Robyn Crawford was Whitney Houston’s best friend. A childhood confidant who became her assistant and creative partner. They were also, briefly, lovers.
For years, their romance has been the subject of rumour and speculation. Two recent films about Houston’s life, Whitney: Can I Be Me and the family-sanctioned Whitney, raked over the coals of their relationship – suggesting Crawford was the real love of her life.
Crawford always declined to comment on her life with Houston – appearing in those films via archive footage, but never agreeing to an interview.
But now that everyone else has had their say, Crawford has decided to tell her story. “Why now?” she asks in the introduction to her new memoir, A Song For You.
“Believe me, I’ve done my best to stay out of the spotlight [but] I believe it is my duty to honour my friend and to clarify the many inaccuracies about myself and about who Whitney was”.
She confirms, for the first time, her romantic history with Houston, which began when they were teenagers and lasted two years.
“It wasn’t all about our sleeping together,” she stresses in the book. “We could trust each other with our secrets, our feelings, and who we were. We were friends, we were lovers. We were everything to each other. We weren’t falling in love. We just were. We had each other. We were one: that’s how it felt.”
Houston broke off the relationship just after she signed her record deal, handing Crawford a Bible and telling her she feared public exposure.
GettyWhitney shared with me her belief that, if people found out about our relationship, they would use it against us.Robyn Crawford
Crawford remained a devoted friend and emotional bulwark, anchoring Houston to her past, and steadying the ship of her often-turbulent private life.
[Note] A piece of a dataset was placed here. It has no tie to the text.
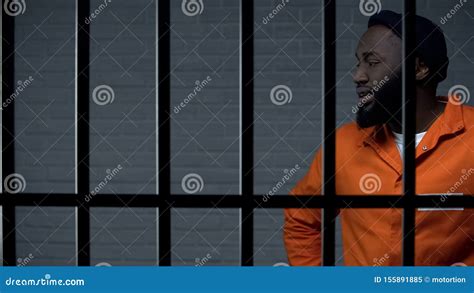 Aggressive Afro American Prisoner In Camera Serving Life Sentence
She candidly describes their drug use and how she watched, helplessly, as her friend’s habit spiral out of control.
“No matter what rules we came up with around responsible drug use, she kept breaking them and using whenever she wanted to,” she writes.
By the time Crawford quit Houston’s team in 2000, the star was cancelling shows and missing recording sessions. She suspected the singer was being physically abused by her husband, Bobby Brown, and had found burned spoons in her kitchen.
Crawford’s own story isn’t much happier – she is the daughter of a single mother, who left her husband after years of abuse; and lost two of her closest family members to Aids.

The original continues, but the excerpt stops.